*** Opening of DATA SUPPLIED ***
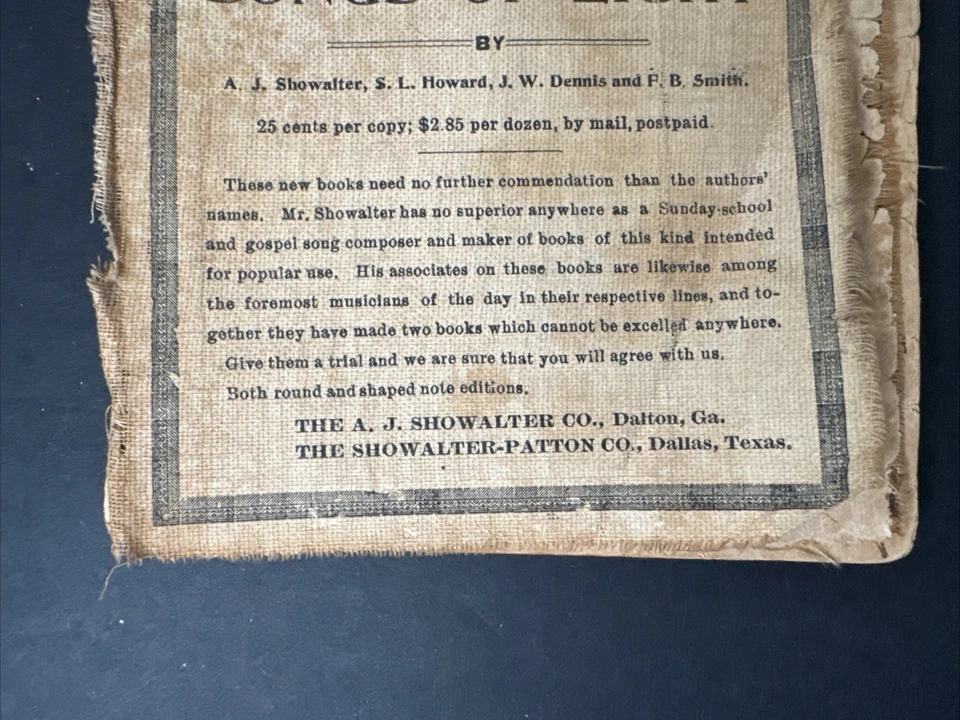 Antique The Feast Of Songs REVIVAL GOSPEL SONGS 1897 Collection  RevE.B. Farrar - Image 2 of 4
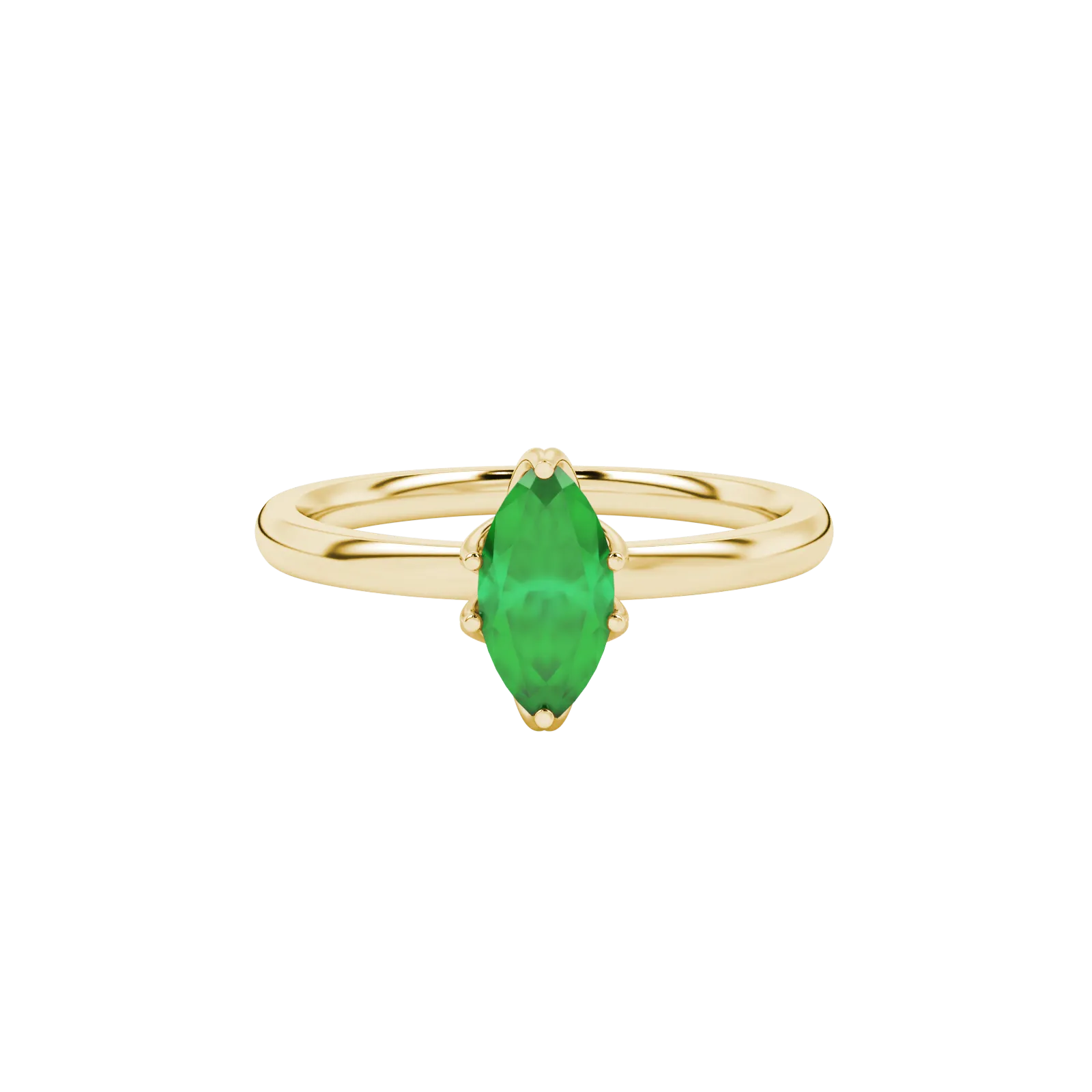 Close-up, marquise cut emerald green gemstone, yellow gold scalloped six prong ring.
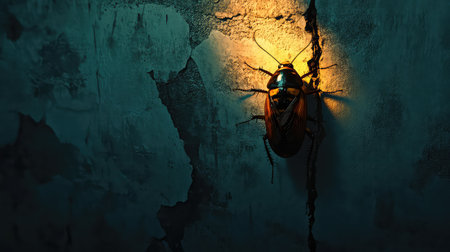 A detailed macro shot of a cockroach on a cracked wall, illuminated by a dramatic light. Captures the eerie presence of urban pests, showcasing texture and shadow.の素材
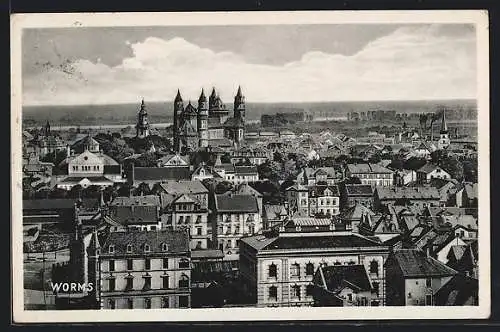 AK Worms, Ortsansicht aus der Vogelschau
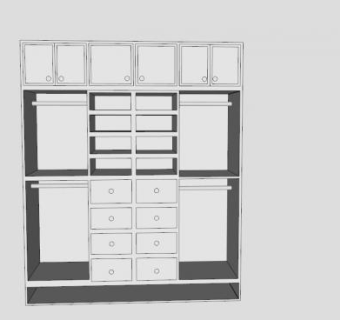 简易白色衣柜SU模型下载_sketchup草图大师SKP模型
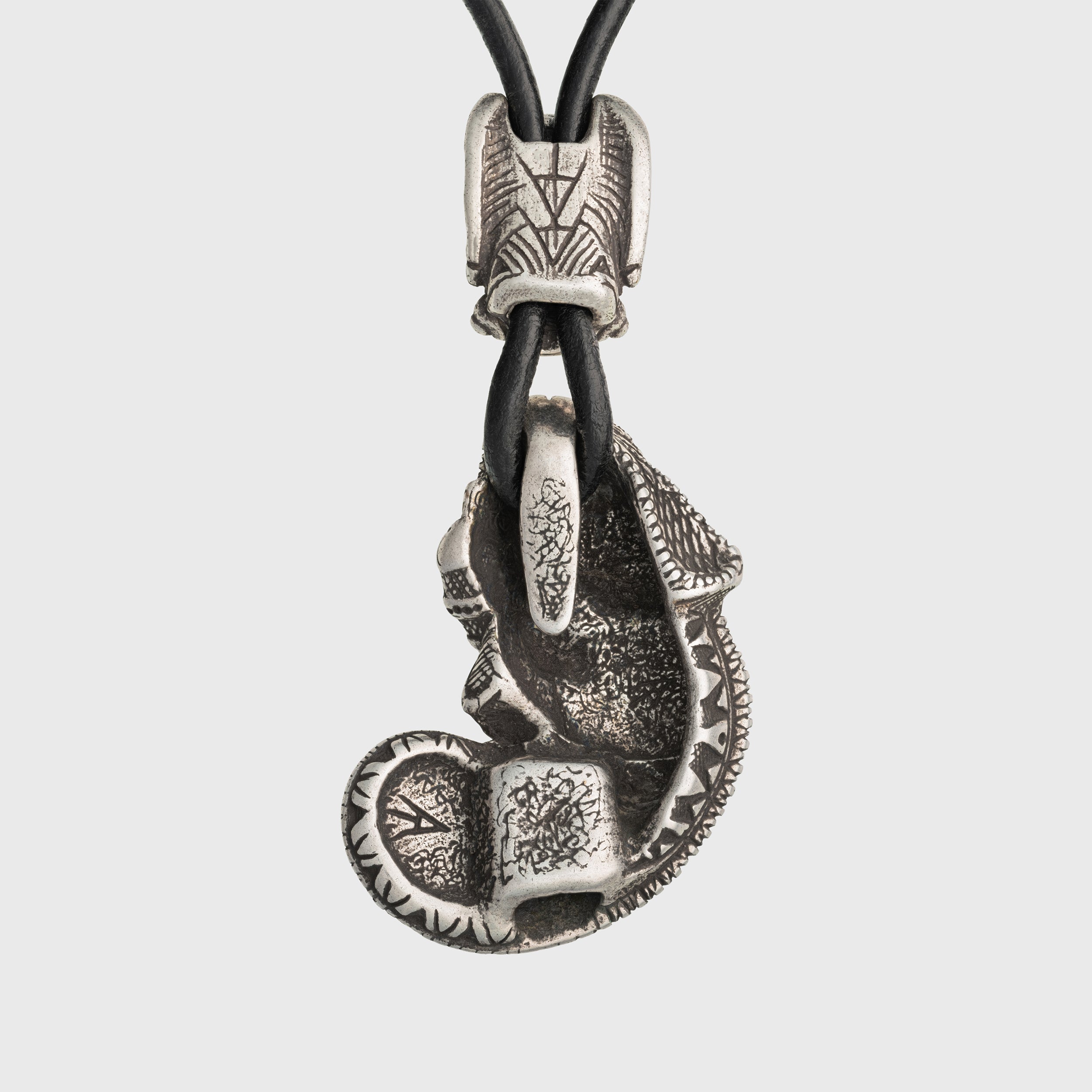 Chameleon & Cicada Pendant – Silver-Plated Bronze Tribal Jewelry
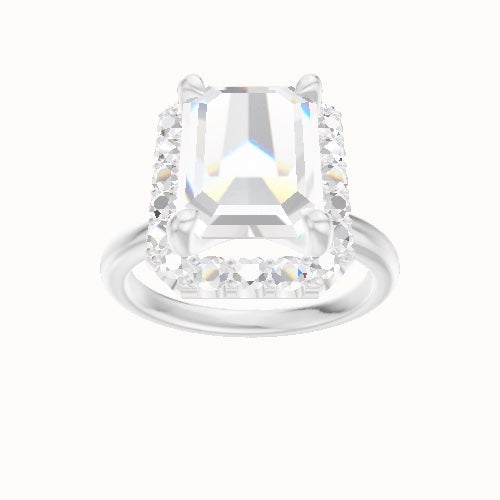 Rounded Solitaire Engagement Ring With Halo Head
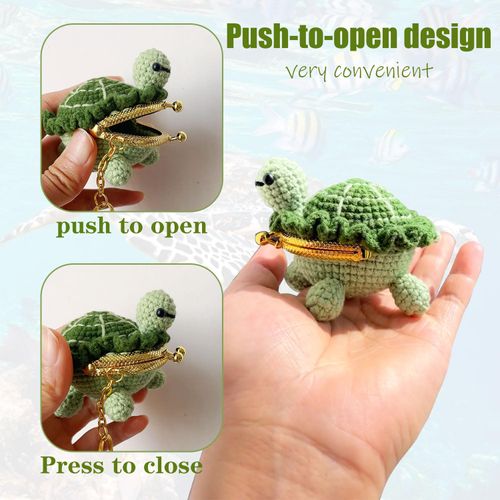 ZIUGLIKAL Turtle Purse Mini Coin Organizer Usb Flash Drive Jewelry Backpack Keychain Decoration Handmade Crochet Gifts For Boys & Girls
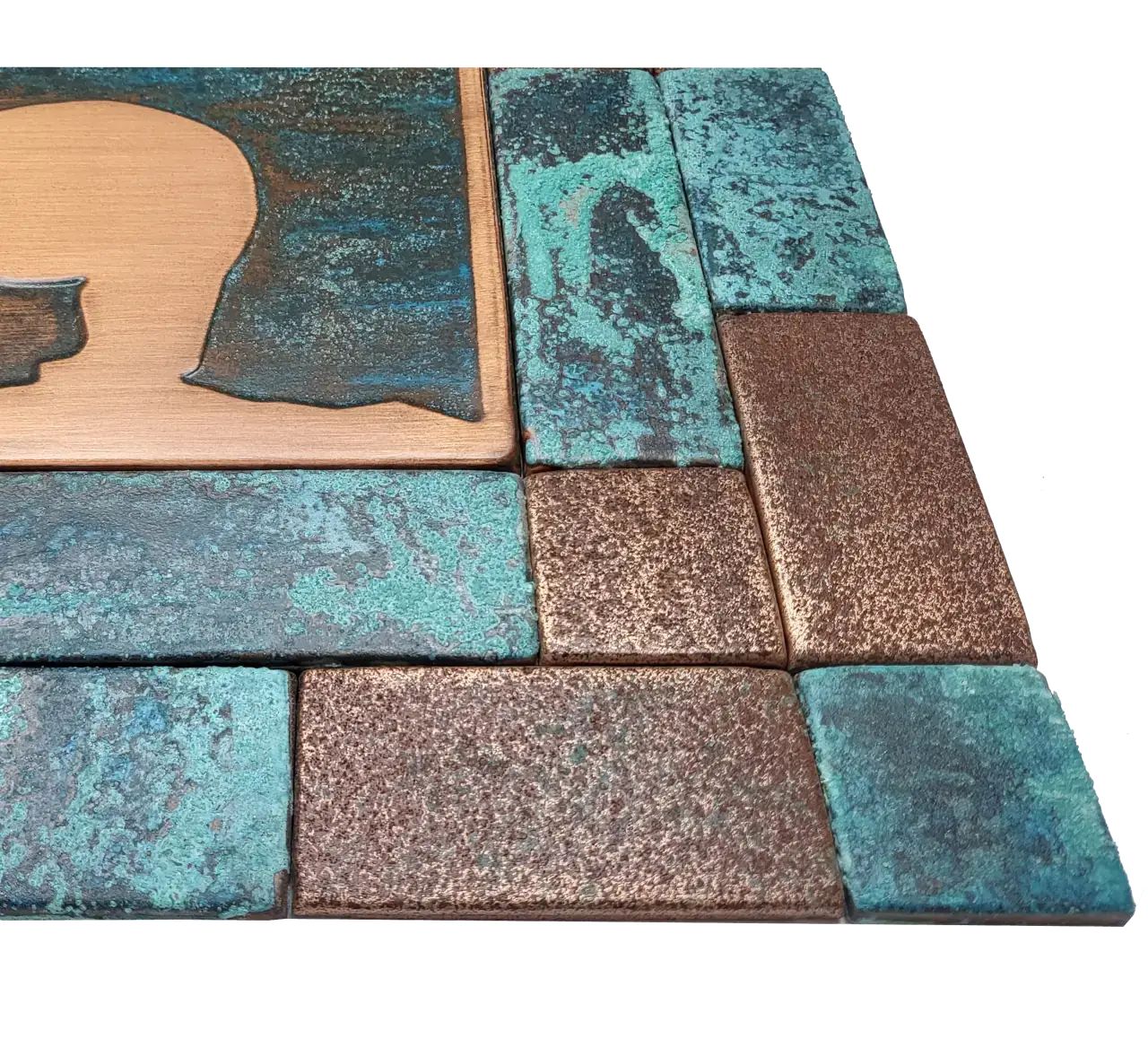 Bear and Mountains on colored copper 5 tiles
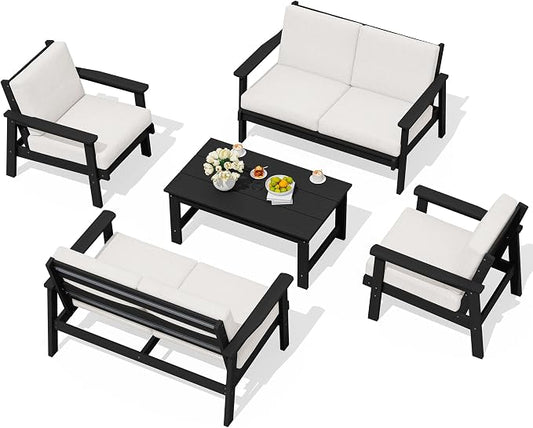 SERWALL HDPE Patio Furniture Set, 5 Piece All Weather Wood-Like Sectional Outdoor Furniture Set, Black Patio Sofa Couch with Khaki Cushions for Deck, Lawn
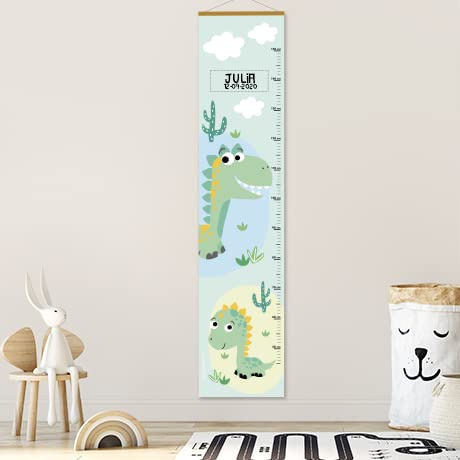 Gutmarkiert Messlatte für Kinder Dinosaurier-Design - Name & Geburtsdatum | Süße Wachstumstabelle aus Papier zum Aufhängen - fürs Baby- und Kleinkinderzimmer - für Jungen und Mädchen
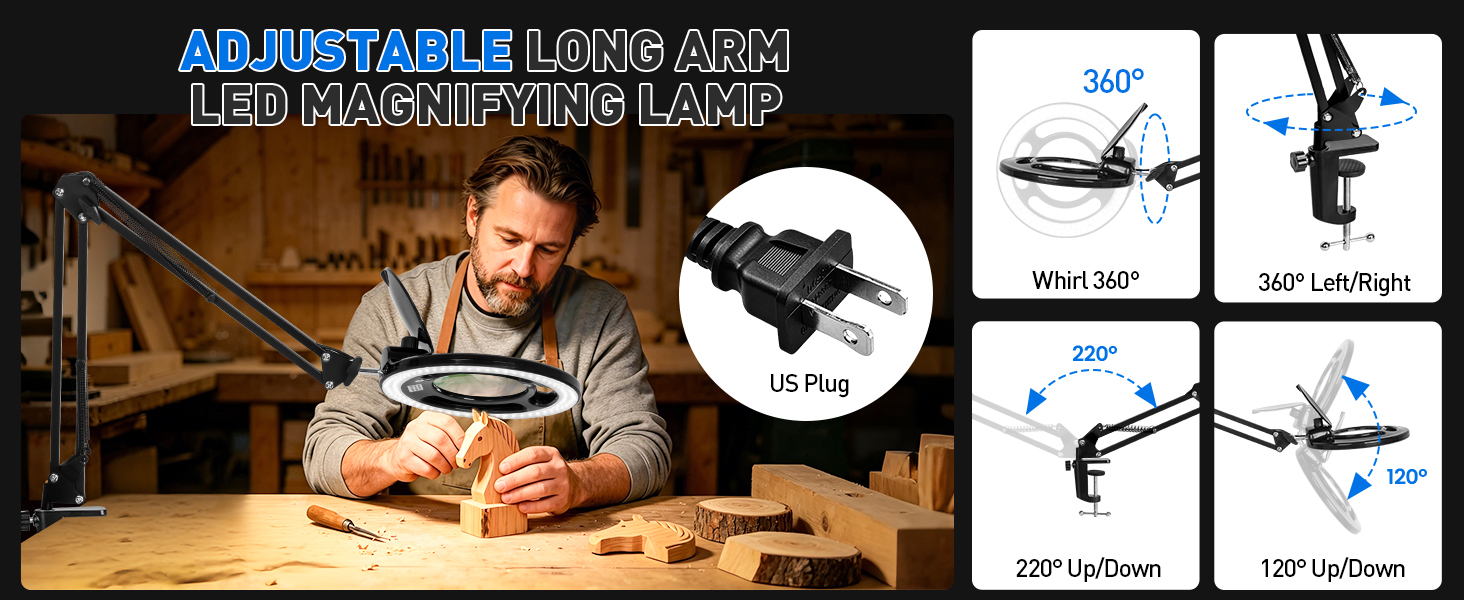 lighted magnifier lamp light swing arm desk lamps jewelry magnifying glass swing input 110-220Varm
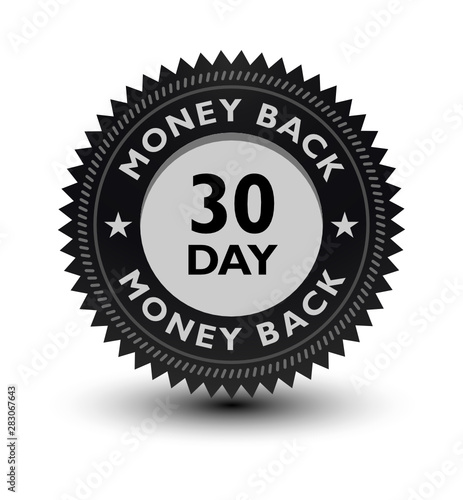 Silver color 30 day money back guaranteed banner, sticker, tag, icon, stamp, label, sign, badge isolated on white background.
*** Close of DATA SUPPLIED ***
WORK TASK:
In the entries above, find the line with "Close-up, marquise cut" and the line with "SERWALL HDPE Patio". Write out exactly those two lines and every line between them, pictures excluded.

ANSWER TO THIS TASK:
 Close-up, marquise cut emerald green gemstone, yellow gold scalloped six prong ring.
 A detailed macro shot of a cockroach on a cracked wall, illuminated by a dramatic light. Captures the eerie presence of urban pests, showcasing texture and shadow.の素材
 AK Worms, Ortsansicht aus der Vogelschau
 简易白色衣柜SU模型下载_sketchup草图大师SKP模型
 Chameleon & Cicada Pendant – Silver-Plated Bronze Tribal Jewelry
 Rounded Solitaire Engagement Ring With Halo Head
 ZIUGLIKAL Turtle Purse Mini Coin Organizer Usb Flash Drive Jewelry Backpack Keychain Decoration Handmade Crochet Gifts For Boys & Girls
 Bear and Mountains on colored copper 5 tiles
 SERWALL HDPE Patio Furniture Set, 5 Piece All Weather Wood-Like Sectional Outdoor Furniture Set, Black Patio Sofa Couch with Khaki Cushions for Deck, Lawn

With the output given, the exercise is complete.